Housing as biggest asset
The last posting discussed mistakes encouraged by the “most people’s largest investment” myth. To some extent those mistakes originate from confusing the verb form, invest, with the noun form, investment. Compound that confusion with mistaken beliefs about sunk cost, and the result is plenty of room for mistakes. With the second myth that “houses are most people’s largest asset,” there is no verb form. Yet, the mistakes the second myth create dwarf the first.
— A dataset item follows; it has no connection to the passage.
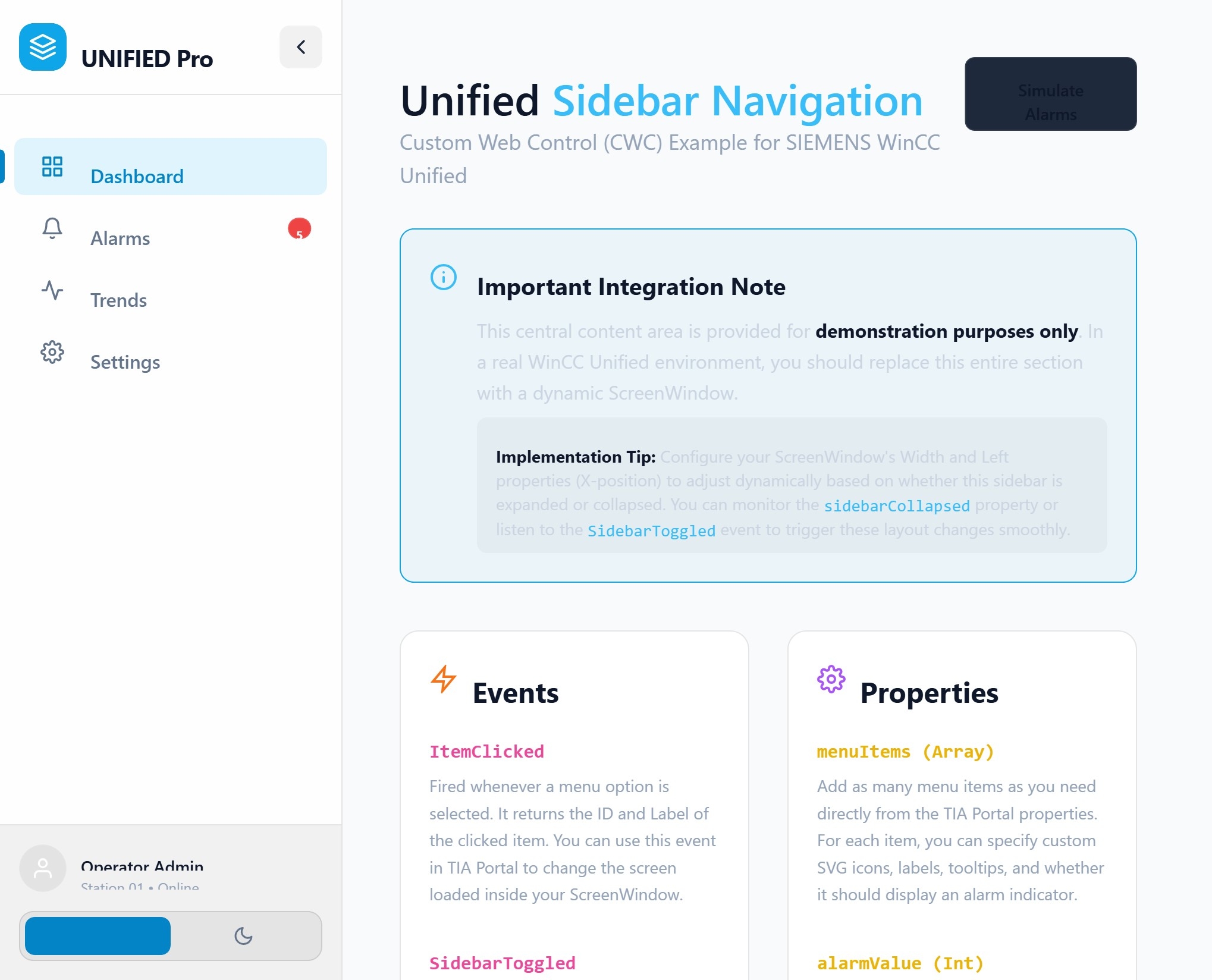 Sidebar Modern Navigation | Custom Web Control | WinCC Unified & V8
In fact, this “largest asset” myth was a major contributor to the recent financial collapse and the current slow recovery from the recession. Keep in mind that almost everyone’s largest asset isn’t their house; it’s their future income stream. But, everyone seemed to have forgotten that little fact. Banks wrote mortgages based on home prices, ignoring the largest asset of the borrower: their income. Borrowers leveraged up their largest asset, future income, to acquire an asset with a largely fixed return, a place to live, essentially guaranteeing that their capital would not contribute to income growth.
The mischief the “largest asset” myth encourages doesn’t end there. For example, it is now very trendy to discuss rational defaults for underwater mortgages without any reference to the default’s impact on a person’s largest asset. There is no doubt that a default is a quick way to shrink a balance sheet. It eliminates a big asset and a big liability, and, for an underwater mortgage, reduces the negative that “underwater” implies.
It reduces leverage, but unless there isn’t any other debt, it’s no guarantee of a solution to overleverage. It influences other assets’ values, most importantly future income. It has an impact on future income in a number of ways. First, it can affect employment prospects. Second, it can create the need for income to cover new expenses. For example, it increases the interest rate on other loans, not to mention their very availability. Further, the return from the asset, a place to live, has been eliminated. The cash flow effects can, over time, eliminate the initial impact of eliminating the asset and liability.
What makes sense is to put the size of the asset in proper context. The asset may be big and the liability may be big. However, it is almost never bigger that the value of future earnings.
Whether acquiring the housing asset made sense in the first place is more important than asset size. Generally, if the house made sense to purchase in the first place given income and the rest of the balance sheet, it is unlikely a default suddenly makes sense (unless something besides house prices also changed). If the home purchase never made sense in the first place, default is probably inevitable.